(What you are asked to do) From the data below, return only the lines from the one with "Bariloche Aliana Contrast" through the one with "Double Layer Studded", exact and inclusive, with pictures left out.

(Data to process)
——

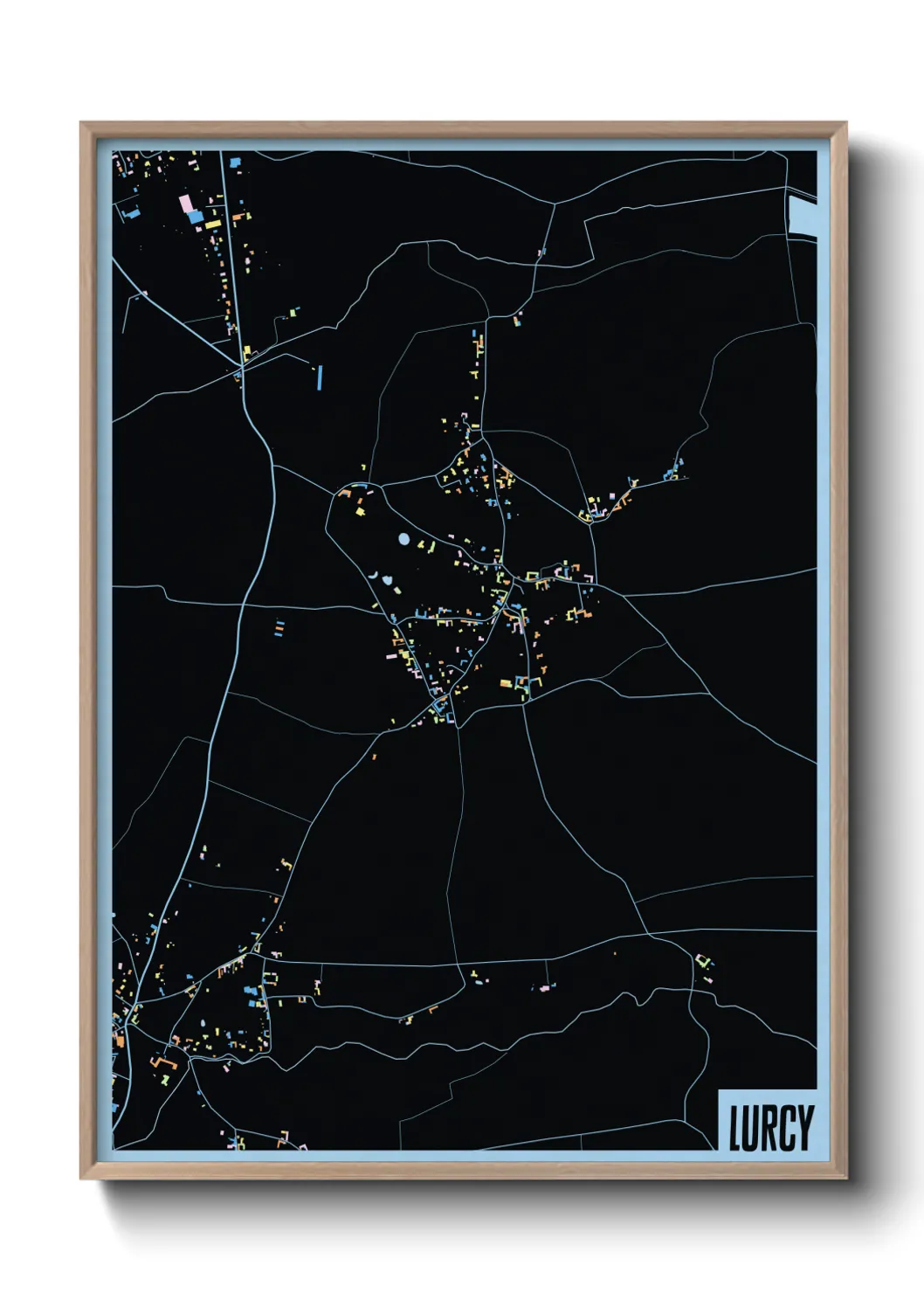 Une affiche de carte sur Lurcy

——

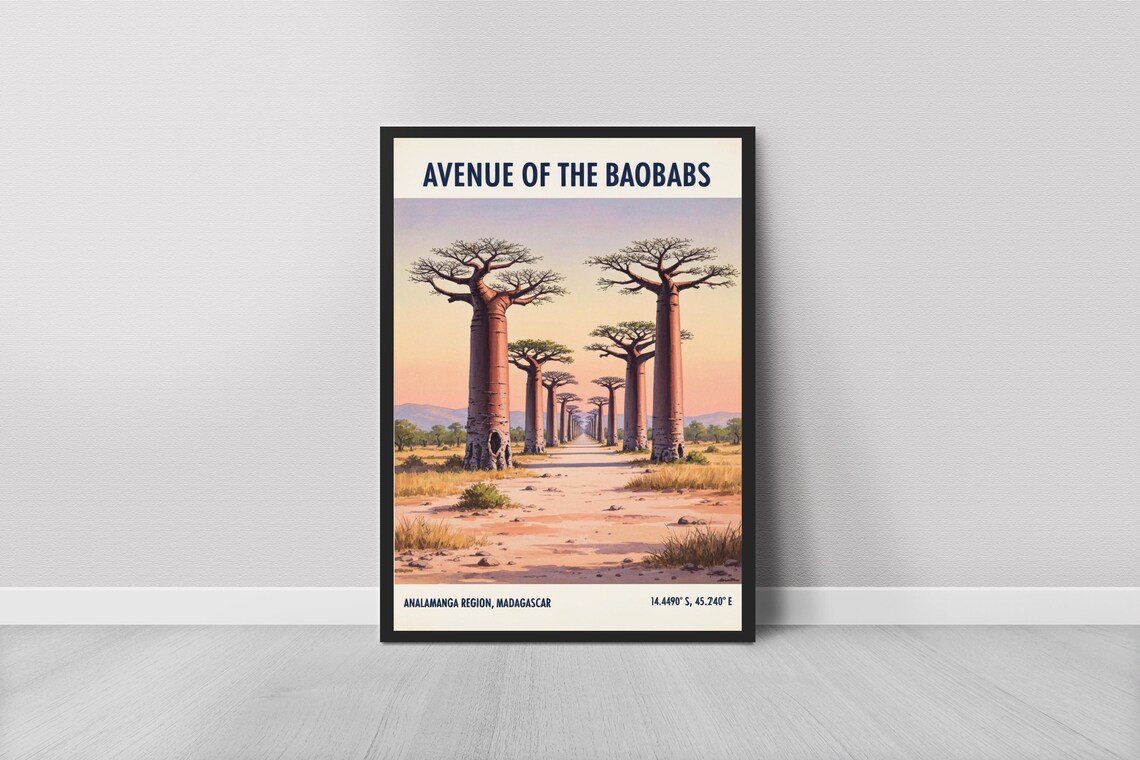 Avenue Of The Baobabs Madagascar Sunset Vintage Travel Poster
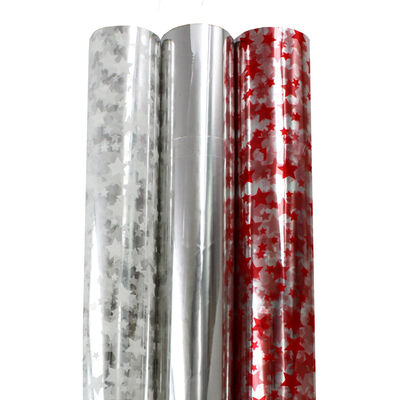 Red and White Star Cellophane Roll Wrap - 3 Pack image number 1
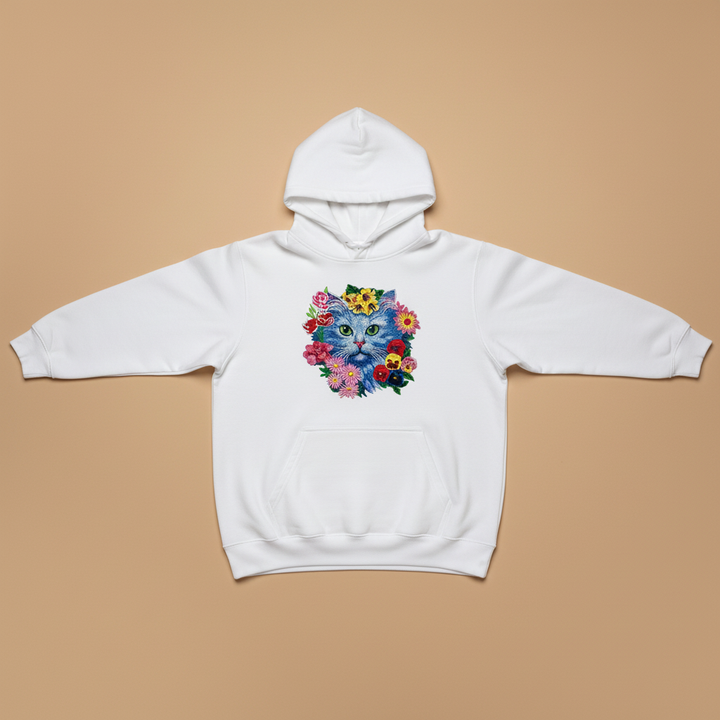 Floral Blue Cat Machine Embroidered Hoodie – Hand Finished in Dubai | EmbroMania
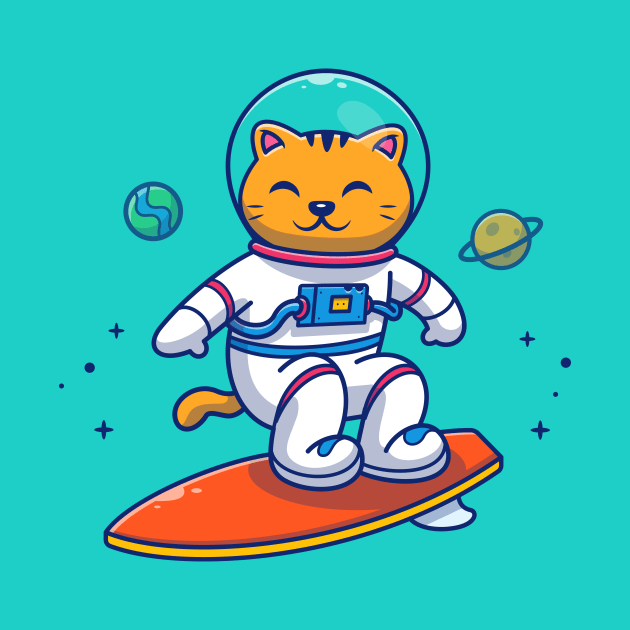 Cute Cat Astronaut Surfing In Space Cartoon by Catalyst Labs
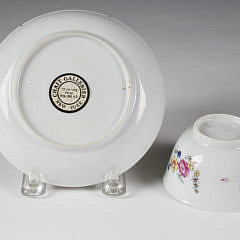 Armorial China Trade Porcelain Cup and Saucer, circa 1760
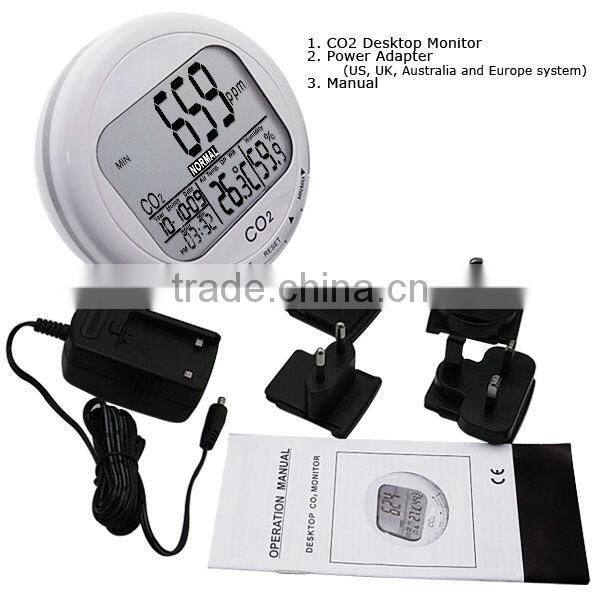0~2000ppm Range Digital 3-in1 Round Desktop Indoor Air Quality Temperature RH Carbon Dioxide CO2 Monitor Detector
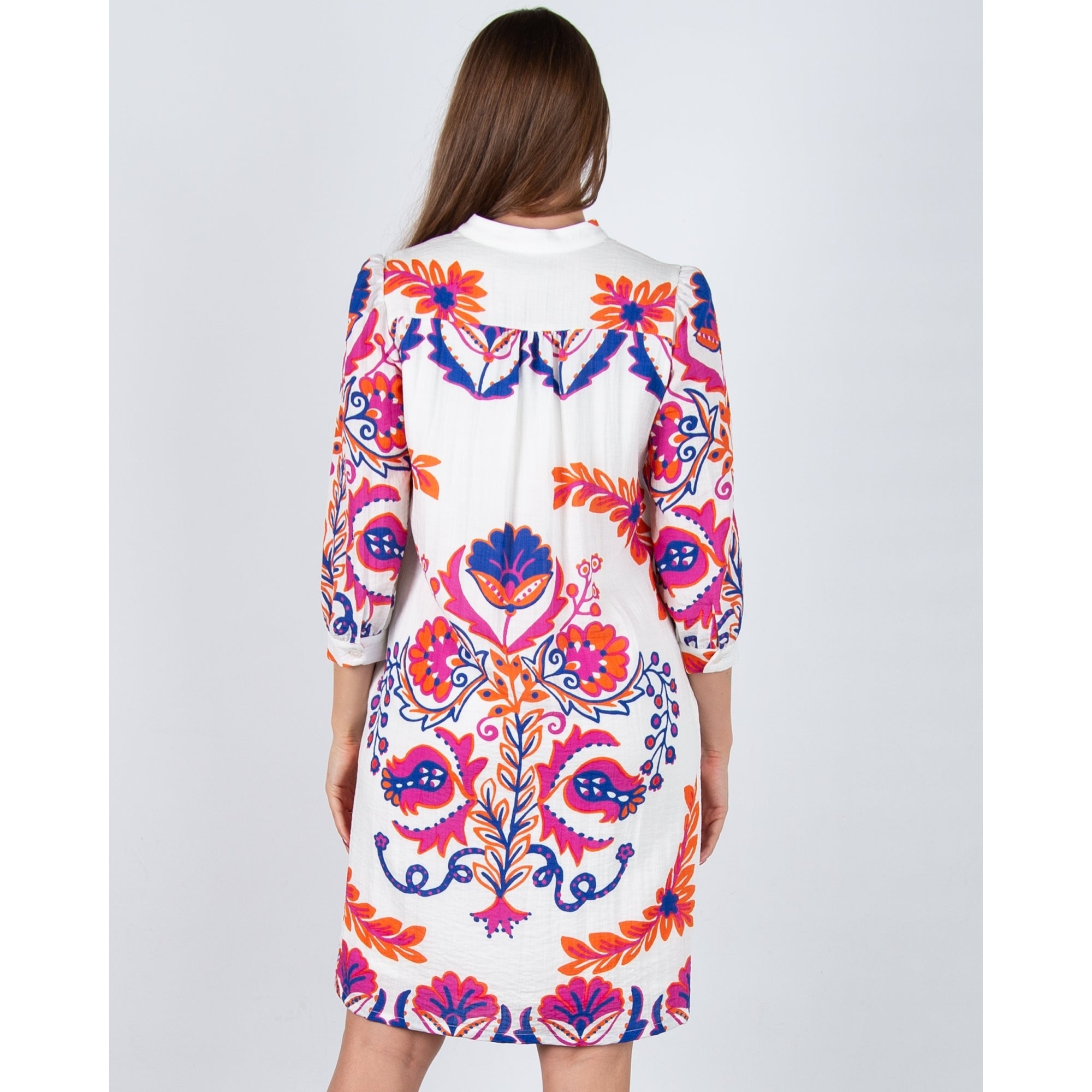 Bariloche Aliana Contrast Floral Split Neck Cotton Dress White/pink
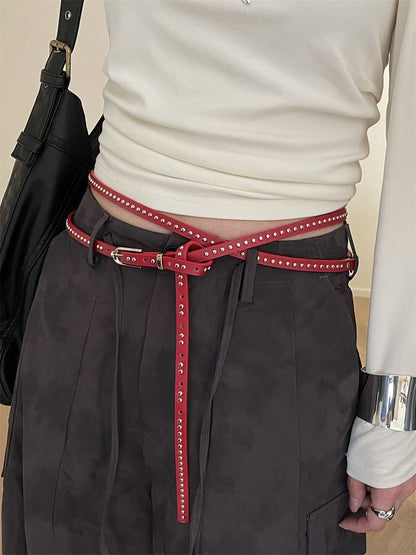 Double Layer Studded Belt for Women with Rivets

——

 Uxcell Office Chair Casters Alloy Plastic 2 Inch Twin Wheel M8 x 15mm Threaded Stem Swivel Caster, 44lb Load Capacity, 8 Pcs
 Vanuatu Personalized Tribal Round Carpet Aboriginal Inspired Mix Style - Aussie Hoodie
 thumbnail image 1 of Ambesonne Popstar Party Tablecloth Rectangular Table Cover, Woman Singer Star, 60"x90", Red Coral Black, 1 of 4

——

(Task response)
 Bariloche Aliana Contrast Floral Split Neck Cotton Dress White/pink
 Double Layer Studded Belt for Women with Rivets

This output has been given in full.